Data records:
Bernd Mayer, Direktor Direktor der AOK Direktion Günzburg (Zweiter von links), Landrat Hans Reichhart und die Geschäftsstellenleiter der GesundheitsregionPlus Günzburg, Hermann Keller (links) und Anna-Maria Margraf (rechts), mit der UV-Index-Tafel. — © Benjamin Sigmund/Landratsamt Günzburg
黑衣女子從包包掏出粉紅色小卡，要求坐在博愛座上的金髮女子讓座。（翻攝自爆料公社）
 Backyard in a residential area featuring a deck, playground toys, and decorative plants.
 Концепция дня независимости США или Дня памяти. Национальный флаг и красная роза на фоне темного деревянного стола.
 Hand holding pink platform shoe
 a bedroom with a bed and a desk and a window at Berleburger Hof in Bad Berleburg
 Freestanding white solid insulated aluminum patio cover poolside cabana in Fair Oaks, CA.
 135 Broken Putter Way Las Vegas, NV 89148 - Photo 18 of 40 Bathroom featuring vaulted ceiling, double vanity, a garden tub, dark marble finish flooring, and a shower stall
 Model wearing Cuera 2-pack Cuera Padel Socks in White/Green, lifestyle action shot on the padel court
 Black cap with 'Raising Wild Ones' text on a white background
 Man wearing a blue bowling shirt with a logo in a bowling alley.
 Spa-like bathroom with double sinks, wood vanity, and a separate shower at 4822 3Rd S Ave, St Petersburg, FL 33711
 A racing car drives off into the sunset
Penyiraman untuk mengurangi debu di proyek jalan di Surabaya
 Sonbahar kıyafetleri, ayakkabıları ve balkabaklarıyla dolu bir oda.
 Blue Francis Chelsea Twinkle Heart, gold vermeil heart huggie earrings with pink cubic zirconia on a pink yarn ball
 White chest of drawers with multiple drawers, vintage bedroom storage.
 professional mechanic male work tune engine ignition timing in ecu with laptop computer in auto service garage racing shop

*Instructions to follow*: In the entries above, tally the lines containing the word "double" and return only the tally.

*Output for this exercise*: 2